Posted On November 30, 2016

Here’s a news flash for you: Older employees working for younger bosses may be a recipe for a difficult workplace.

Another news flash: Water is wet.

The Washington Post recently cited a study by the Journal of Organizational Psychology which found that not only is working for a younger boss awkward, however, it can also be bad for productivity.

Surveying nearly 8,000 employees at 61 German companies, the study found a significantly higher level of “negative emotions” on the job at companies who had more young bosses overseeing older subordinates, and that those companies reported lower levels of performance.

The reasons for this aren’t difficult to pinpoint. As one of the paper’s authors, University of Konstanz (Germany) professor Florian Kunze, notes, the presence of a younger superior serves to remind older employees of their lack of commensurate advancement.

The kid telling you what to do and how to do it is in the job you should have had ten years ago. And that stings. But more companies are promoting based on merit and phasing out seniority-based models, leaving Baby Boomers and Gen-Xers who get lapped by younger up-and-comers to deal with the emotional fallout.

Kunze and his co-author found that organizations where the culture discourages the venting of such emotions or keeps them buried may fare better in the short-term, but recognizes that this isn’t a viable long-term solution. Their conclusion: Invest in training, be sensitive to the angst of older subordinates and set clear goals and targets.

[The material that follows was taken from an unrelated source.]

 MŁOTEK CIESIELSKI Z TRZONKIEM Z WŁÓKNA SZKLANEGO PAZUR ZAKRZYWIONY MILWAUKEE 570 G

Certainly, a millennial manager should recognize from the jump that some level of animosity and jealousy among their older subordinates are going to be likely. Instead of coming in wide-eyed and assuming that everything will be taken at face-value, a younger manager who recognizes the awkwardness of the situation, and doesn’t shy away from it, stands a better chance of diffusing it.

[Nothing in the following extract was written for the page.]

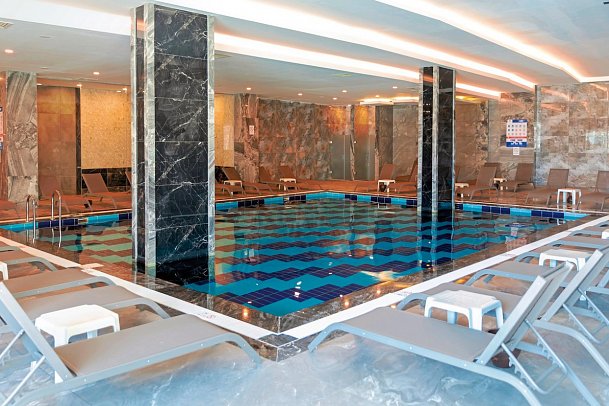 Crystal Centro Pearl Collection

The most important step, however, is true for all managers of any age – respect and value the input and contributions of your employees, regardless of age, and make sure they know that input is respected and valued. After all, isn’t that what we all really want, to be respected and valued?

To put it more bluntly, don’t come in thinking you know everything. And for the love of all that is harmonious and productive, don’t let your employees get that impression.